#ClassicsaDay #ClassicalHumor Week 1

By Ralph Graves

This month’s Classics a Day theme is a tribute to the late Peter Schickle. Schickle was a talented composer of both classical and film music. He’s best remembered, though, for his alter ego, PDQ Bach.

PDQ Bach was the youngest and least talented of Johann Sebastian Bach’s children. The music by him that Peter Schickle “discovered” is musical humor at its most sublime. The more one knows about classical music, the funnier PDQ Bach pieces are. The works reference virtually every aspect of classical music, from familiar themes to nomenclature. 

But Schickle wsn’t the first composer to have some fun with “serious” music. The challenge this month is to post examples of musical humor in classical works. Although most of my posts are PDQ Bach, an equal number aren’t. Here are my posts for the first week of #ClassicalHumor.

04/01/24 PDQ Bach: Twelve Quite Heavenly Songs S.16

One of PDQ Bach’s more ambitious song cycles is this set of twelve lieder based on the signs of the Zodiac (sort of).

04/02/24 Lord Berners: Funeral March for a Rich Aunt

Lord Berners was Gerald Hugh Tyrwitt-Wilson, 14th Baron Berners. Although he was a early 20th C. avant gardist, he could never quite suppress his sense of humor.

04/03/24 PDQ Bach: Cantata Blaues Gras

Bach composed this work while at Wein-am-Rhine. It was commissioned by Tommy Mann and the Magic Mountain Boys, a roving group of musicians playing instruments from the American colonies.
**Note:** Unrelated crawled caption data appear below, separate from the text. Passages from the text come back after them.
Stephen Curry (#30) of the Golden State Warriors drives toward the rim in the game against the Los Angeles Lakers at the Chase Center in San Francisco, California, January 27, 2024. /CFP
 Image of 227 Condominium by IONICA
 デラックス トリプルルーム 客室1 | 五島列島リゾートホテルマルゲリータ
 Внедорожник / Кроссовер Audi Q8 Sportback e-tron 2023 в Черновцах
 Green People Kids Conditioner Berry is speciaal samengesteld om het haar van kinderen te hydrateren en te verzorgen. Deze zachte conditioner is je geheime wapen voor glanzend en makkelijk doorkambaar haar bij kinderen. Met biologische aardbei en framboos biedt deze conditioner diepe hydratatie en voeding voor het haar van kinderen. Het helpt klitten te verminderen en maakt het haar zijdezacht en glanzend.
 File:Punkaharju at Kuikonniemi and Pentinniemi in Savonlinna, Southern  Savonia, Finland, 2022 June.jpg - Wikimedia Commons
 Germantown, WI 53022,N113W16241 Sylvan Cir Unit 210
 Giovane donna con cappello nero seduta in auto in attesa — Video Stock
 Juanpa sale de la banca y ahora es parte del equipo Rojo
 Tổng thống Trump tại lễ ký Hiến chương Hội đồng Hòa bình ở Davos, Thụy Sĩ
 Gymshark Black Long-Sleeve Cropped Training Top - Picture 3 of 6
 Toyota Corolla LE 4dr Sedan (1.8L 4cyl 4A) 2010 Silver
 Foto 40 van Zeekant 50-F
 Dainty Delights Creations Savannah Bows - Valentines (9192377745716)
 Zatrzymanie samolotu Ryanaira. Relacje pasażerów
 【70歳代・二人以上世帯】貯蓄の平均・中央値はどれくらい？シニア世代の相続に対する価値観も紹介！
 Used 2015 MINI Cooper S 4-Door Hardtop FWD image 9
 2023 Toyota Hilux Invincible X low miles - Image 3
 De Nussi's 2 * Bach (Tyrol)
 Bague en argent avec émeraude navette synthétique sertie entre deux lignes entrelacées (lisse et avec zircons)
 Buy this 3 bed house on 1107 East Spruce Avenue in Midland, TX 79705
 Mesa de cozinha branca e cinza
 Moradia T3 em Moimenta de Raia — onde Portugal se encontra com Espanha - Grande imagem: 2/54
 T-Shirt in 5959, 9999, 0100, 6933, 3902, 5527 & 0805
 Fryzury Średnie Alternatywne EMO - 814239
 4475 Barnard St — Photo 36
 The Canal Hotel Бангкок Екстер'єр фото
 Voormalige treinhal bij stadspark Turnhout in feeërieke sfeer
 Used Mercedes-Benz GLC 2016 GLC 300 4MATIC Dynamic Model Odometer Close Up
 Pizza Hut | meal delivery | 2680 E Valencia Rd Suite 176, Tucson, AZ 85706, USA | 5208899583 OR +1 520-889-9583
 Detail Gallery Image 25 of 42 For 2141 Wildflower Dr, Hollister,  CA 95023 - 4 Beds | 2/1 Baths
04/04/24 Dmitri Shostakovich: Gallop, from “The Nose”

Shostakovich’s 1927 opera involves a nose who runs away from its face and causes mayhem. The music matches the absurd plot, which features a human-size dancing nose.

04/05/24 PDQ Bach: Iphigenia in Brooklyn, S.53162

The title of this cantata plays off a couple of things. The Schickle  number of this work references the cantatas written by Georg Philipp Telemann and Christoph Graupner. They number in the thousands for each composer. Second, several composers set the stories of Iphigenia in Aulis and Iphigenia in Tauris. So having her land someplace else seemed only natural.